**** Exercise inputs

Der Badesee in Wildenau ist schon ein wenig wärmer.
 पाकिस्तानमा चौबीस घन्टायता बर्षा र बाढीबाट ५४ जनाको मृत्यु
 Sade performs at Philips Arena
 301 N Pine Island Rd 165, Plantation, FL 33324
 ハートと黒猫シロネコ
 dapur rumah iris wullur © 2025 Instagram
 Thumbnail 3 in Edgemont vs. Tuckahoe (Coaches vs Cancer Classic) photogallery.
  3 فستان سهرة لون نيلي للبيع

********

◆ **Work to complete**:
Every entry in the listing must be retyped exactly.

◆ **Answer**:
Der Badesee in Wildenau ist schon ein wenig wärmer.
 पाकिस्तानमा चौबीस घन्टायता बर्षा र बाढीबाट ५४ जनाको मृत्यु
 Sade performs at Philips Arena
 301 N Pine Island Rd 165, Plantation, FL 33324
 ハートと黒猫シロネコ
 dapur rumah iris wullur © 2025 Instagram
 Thumbnail 3 in Edgemont vs. Tuckahoe (Coaches vs Cancer Classic) photogallery.
  3 فستان سهرة لون نيلي للبيع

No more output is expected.